(What needs to be done)
Produce as output only the lines below starting at the line with "860x870 How To" and continuing through the line with "Bee Insect Cartoon", each one exactly as written.
Top of Data to use
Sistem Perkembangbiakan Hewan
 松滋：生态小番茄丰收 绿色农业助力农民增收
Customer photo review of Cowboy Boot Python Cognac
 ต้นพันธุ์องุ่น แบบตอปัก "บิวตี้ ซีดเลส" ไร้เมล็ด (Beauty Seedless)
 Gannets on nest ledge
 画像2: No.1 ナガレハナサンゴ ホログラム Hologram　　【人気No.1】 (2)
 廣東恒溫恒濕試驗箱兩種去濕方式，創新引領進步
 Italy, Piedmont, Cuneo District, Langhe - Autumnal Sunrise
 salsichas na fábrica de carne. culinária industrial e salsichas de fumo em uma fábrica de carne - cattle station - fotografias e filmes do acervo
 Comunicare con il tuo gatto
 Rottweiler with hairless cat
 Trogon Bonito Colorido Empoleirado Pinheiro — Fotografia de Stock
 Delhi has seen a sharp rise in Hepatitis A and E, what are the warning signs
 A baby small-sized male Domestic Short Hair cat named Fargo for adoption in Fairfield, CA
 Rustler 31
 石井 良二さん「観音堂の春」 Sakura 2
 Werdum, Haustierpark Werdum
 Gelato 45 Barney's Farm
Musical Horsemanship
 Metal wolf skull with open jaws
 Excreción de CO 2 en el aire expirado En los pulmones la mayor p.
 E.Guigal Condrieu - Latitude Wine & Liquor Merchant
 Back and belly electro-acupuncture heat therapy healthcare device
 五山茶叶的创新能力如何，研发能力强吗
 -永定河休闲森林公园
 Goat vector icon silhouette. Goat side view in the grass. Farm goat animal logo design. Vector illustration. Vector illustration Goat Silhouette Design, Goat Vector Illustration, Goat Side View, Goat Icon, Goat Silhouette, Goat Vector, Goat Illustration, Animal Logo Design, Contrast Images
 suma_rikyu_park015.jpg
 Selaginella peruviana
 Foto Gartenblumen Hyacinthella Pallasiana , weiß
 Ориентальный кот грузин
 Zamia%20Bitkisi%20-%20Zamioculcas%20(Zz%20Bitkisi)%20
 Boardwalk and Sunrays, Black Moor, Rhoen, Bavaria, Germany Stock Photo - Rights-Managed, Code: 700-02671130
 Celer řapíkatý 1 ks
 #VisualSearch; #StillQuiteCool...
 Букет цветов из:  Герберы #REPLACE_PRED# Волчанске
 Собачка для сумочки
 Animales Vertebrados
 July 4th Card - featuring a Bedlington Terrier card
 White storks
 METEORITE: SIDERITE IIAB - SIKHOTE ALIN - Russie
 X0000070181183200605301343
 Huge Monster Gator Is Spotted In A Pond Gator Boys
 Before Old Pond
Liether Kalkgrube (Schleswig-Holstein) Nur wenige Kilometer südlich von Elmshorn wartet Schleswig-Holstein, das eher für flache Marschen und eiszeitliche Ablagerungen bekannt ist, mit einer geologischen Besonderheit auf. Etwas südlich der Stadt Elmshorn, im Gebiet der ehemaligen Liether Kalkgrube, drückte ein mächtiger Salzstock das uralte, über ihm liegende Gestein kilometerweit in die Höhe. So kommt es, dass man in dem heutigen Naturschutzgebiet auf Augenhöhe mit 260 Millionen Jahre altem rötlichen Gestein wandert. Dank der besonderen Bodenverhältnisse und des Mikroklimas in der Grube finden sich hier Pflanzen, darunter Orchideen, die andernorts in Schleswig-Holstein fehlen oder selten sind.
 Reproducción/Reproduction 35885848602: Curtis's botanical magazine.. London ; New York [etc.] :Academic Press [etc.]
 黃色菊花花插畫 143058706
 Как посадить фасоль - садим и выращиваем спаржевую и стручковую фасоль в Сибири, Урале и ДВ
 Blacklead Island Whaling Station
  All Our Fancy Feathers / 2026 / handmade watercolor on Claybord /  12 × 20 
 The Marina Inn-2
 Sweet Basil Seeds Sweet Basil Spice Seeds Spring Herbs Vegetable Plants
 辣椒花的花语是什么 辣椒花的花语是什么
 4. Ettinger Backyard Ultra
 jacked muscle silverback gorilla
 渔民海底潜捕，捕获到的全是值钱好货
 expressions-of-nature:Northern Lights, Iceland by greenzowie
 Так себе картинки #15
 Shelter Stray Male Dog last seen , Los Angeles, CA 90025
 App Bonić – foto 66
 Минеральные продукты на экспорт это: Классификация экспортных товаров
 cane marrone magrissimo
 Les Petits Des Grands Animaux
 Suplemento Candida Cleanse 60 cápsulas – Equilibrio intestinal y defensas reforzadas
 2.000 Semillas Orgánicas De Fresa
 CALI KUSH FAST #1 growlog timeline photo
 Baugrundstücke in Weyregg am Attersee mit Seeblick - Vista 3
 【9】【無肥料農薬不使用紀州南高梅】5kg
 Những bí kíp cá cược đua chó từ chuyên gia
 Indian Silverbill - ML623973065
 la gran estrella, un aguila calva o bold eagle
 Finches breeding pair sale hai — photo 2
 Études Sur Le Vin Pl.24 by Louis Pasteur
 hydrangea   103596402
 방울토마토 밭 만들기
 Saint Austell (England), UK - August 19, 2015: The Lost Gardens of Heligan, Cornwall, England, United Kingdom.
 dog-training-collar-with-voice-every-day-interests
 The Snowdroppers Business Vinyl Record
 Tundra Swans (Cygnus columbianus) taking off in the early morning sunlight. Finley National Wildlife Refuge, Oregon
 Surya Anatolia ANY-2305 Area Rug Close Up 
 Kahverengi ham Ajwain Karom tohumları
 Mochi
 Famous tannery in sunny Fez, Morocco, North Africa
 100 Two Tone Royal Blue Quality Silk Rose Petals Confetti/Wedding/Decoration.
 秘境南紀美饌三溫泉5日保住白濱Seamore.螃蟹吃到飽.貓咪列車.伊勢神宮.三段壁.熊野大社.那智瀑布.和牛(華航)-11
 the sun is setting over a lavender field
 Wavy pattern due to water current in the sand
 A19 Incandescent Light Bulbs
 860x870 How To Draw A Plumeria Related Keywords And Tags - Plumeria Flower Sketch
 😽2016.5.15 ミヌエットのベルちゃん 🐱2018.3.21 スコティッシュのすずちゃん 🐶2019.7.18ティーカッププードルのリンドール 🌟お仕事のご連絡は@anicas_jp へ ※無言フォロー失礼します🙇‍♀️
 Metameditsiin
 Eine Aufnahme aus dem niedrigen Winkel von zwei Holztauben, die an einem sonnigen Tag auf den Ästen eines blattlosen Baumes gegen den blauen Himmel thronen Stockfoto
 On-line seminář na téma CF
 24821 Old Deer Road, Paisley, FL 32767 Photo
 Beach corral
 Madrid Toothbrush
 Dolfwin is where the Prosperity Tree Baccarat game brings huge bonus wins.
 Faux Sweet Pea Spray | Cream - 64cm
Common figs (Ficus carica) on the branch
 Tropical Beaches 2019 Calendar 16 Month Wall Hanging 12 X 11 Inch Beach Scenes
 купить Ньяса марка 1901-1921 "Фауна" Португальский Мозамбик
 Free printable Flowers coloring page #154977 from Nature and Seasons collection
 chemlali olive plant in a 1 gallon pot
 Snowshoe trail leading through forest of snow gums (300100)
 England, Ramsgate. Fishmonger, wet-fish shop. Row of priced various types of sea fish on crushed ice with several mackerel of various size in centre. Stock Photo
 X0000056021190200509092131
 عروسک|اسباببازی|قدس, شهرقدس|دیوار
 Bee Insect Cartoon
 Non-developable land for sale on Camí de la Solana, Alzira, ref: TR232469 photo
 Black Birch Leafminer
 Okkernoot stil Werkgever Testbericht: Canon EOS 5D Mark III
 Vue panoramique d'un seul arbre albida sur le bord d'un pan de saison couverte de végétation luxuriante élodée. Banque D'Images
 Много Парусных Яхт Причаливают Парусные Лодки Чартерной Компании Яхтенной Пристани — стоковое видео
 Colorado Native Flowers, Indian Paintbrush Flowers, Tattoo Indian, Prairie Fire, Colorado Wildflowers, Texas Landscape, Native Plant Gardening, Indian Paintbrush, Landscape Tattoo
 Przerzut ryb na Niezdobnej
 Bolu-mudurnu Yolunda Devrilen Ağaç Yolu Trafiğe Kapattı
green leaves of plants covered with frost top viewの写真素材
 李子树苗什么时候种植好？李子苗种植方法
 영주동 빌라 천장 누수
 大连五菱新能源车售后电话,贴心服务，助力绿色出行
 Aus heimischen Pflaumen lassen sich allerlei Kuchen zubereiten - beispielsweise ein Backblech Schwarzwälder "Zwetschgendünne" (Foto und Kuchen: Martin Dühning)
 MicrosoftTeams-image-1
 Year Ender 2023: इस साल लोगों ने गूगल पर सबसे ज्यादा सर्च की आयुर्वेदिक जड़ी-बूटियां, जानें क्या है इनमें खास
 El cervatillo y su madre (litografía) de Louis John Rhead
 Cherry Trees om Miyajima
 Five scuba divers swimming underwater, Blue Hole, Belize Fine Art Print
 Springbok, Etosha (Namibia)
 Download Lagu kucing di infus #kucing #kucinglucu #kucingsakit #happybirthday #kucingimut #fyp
Bottom of Data to use
(Task response)
 860x870 How To Draw A Plumeria Related Keywords And Tags - Plumeria Flower Sketch
 😽2016.5.15 ミヌエットのベルちゃん 🐱2018.3.21 スコティッシュのすずちゃん 🐶2019.7.18ティーカッププードルのリンドール 🌟お仕事のご連絡は@anicas_jp へ ※無言フォロー失礼します🙇‍♀️
 Metameditsiin
 Eine Aufnahme aus dem niedrigen Winkel von zwei Holztauben, die an einem sonnigen Tag auf den Ästen eines blattlosen Baumes gegen den blauen Himmel thronen Stockfoto
 On-line seminář na téma CF
 24821 Old Deer Road, Paisley, FL 32767 Photo
 Beach corral
 Madrid Toothbrush
 Dolfwin is where the Prosperity Tree Baccarat game brings huge bonus wins.
 Faux Sweet Pea Spray | Cream - 64cm
Common figs (Ficus carica) on the branch
 Tropical Beaches 2019 Calendar 16 Month Wall Hanging 12 X 11 Inch Beach Scenes
 купить Ньяса марка 1901-1921 "Фауна" Португальский Мозамбик
 Free printable Flowers coloring page #154977 from Nature and Seasons collection
 chemlali olive plant in a 1 gallon pot
 Snowshoe trail leading through forest of snow gums (300100)
 England, Ramsgate. Fishmonger, wet-fish shop. Row of priced various types of sea fish on crushed ice with several mackerel of various size in centre. Stock Photo
 X0000056021190200509092131
 عروسک|اسباببازی|قدس, شهرقدس|دیوار
 Bee Insect Cartoon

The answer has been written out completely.